A new paper suggests that instead of a simple sideswipe that crushed Theia into smaller pieces that formed the moon, the impact was more of a head-on collision that was so forceful that it thoroughly mixed Theia and the Earth together, giving both Earth and the newly formed moon a unified geological signature.

The ‘giant impact hypothesis’ has been floating around since the 1970’s, but researchers are still arguing over the exact nature of the collision. Unfortunately, there are no instant replay cameras that date back to that moment in time, so researchers have to content themselves with the next best thing: rocks.

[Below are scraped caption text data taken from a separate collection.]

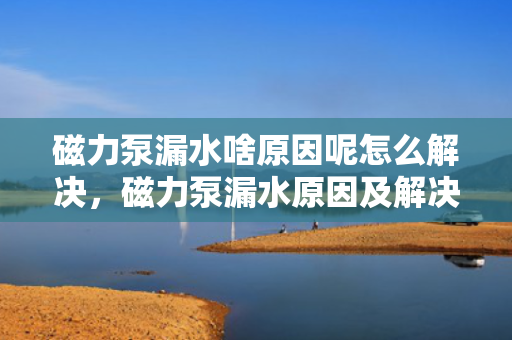 磁力泵漏水啥原因呢怎么解决，磁力泵漏水原因及解决方案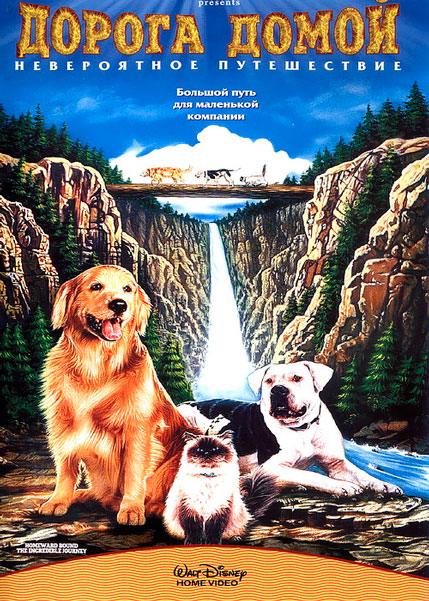 Постер к фильму Дорога домой: Невероятное путешествие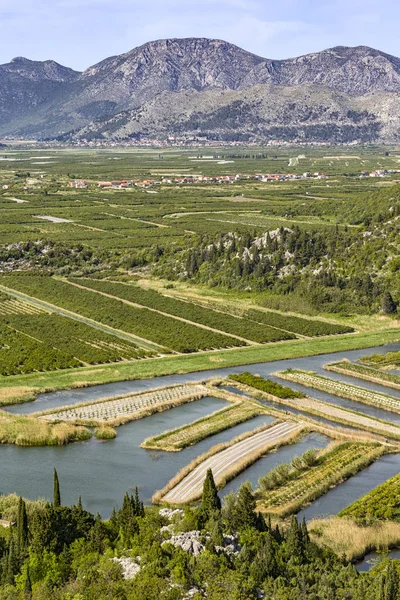 Con vistas al delta del río Neretva en Croacia —  Fotos de Stock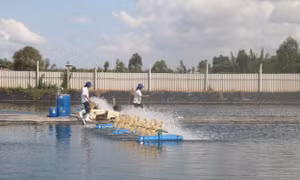 Tiền Giang phát triển nuôi hải sản ven biển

By analyzing rocks from both the Earth and the moon, the researchers found that there was essentially no difference between their oxygen isotopes, indicating the possibility that Theia and the Earth mixed together. The finding directly contradicts results from another paper in 2014 which found evidence that the moon had a distinct isotopic signature, supporting the sideswiping hypothesis.

“We don’t see any difference between the Earth’s and the moon’s oxygen isotopes; they’re indistinguishable,” Edward Young, lead author of the new study said

Why care about the difference between oxygen isotopes on the Earth and the moon? Scientists have long been puzzled by the idea that the Earth and the Moon had very similar geological signatures. The 2014 finding provided researchers with an explanation that fit into the computer models of an oblique collision. If Theia impacted the early Earth at an angle, scientists would expect the Moon to be more like Theia, and the Earth… more like Earth.

A study last year found that it was possible for Theia to be almost a twin to Earth which makes the weird similarity between the geology of the Earth and moon fit with the sideswipe theory. But this new theory is simpler, suggesting that instead of bouncing off each other like pool balls, Theia and Earth got mixed together like cake batter, spinning off the moon (made of the same mixture) in the process.

Researchers will continue to try to reconstruct the planetary collision in the future, and there will probably be a lot more conversation and controversy within the planetary geology community before a consensus is reached.

In the meantime, it’s pretty amazing that Earth withstood an impact that completely totaled another planet, and got a moon in the process. Well done, Earth.